- **What this task involves**
Everything from the line that has "ATE 24.3727-0659.2 - Brzdové" to the last line of the listing must be repeated exactly, and nothing more; omit the pictures.

- **Recorded information**
----

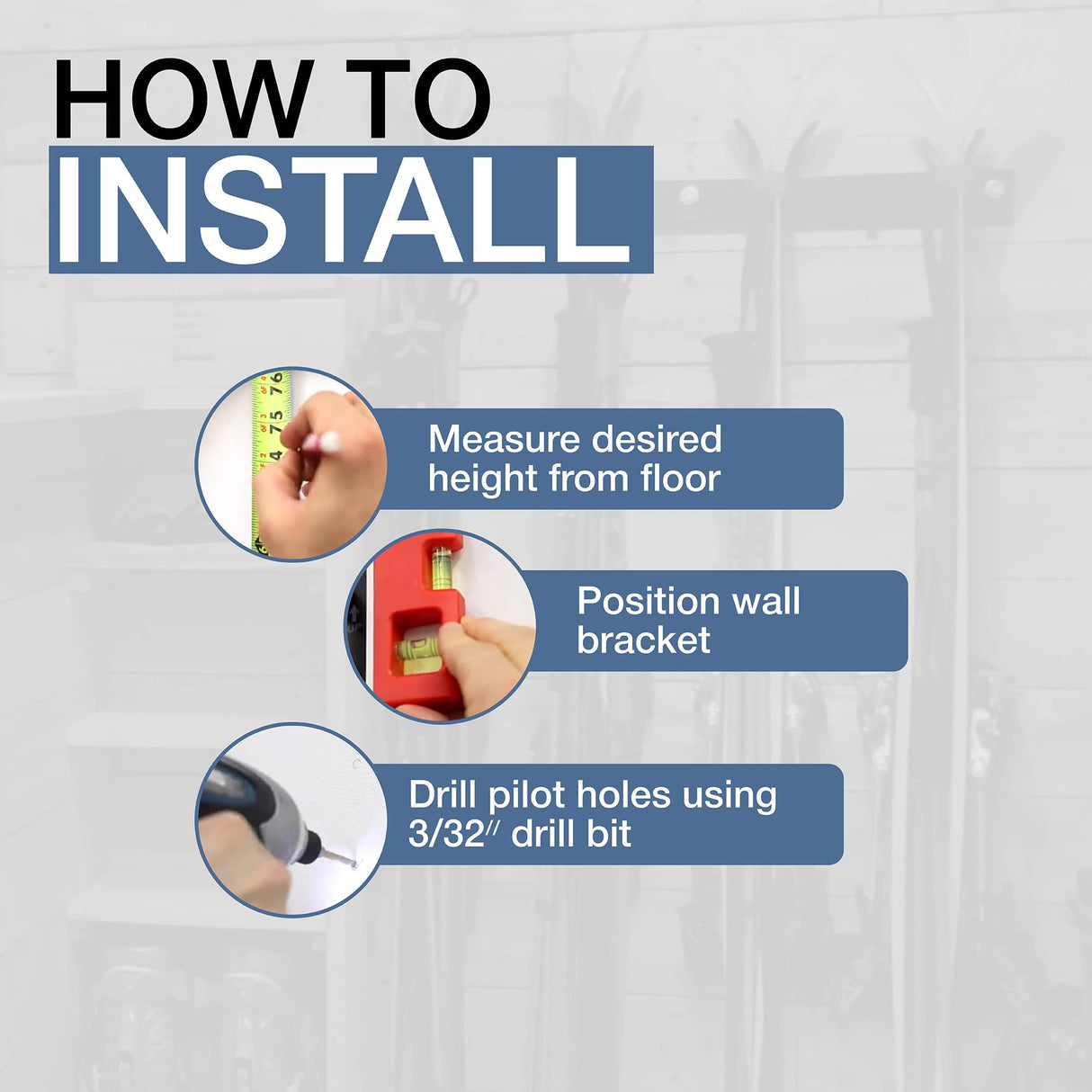 StoreYourBoard Ski Wall Storage Rack – Ski Rack Wall Mount Holds 8 Pairs, Heavy-Duty Steel Ski Holders for Wall, Space-Saving Ski Rack for Garage & Home, Holds Up to 200 lbs StoreYourBoard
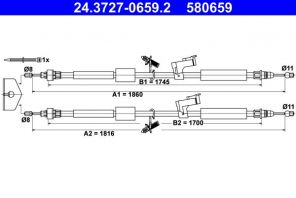 ATE 24.3727-0659.2 - Brzdové lano -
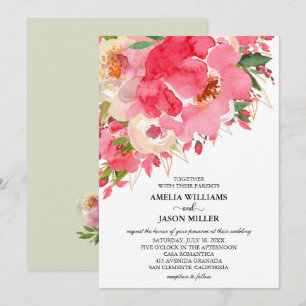Waterverf Pink Floral Wedding Invitations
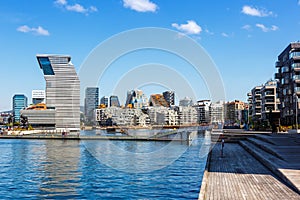 Oslo skyline modern city architecture buildings in new Bjorvika District with Munch Museum in Norway photo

----

- **Task response**
 ATE 24.3727-0659.2 - Brzdové lano -
Waterverf Pink Floral Wedding Invitations
 Oslo skyline modern city architecture buildings in new Bjorvika District with Munch Museum in Norway photo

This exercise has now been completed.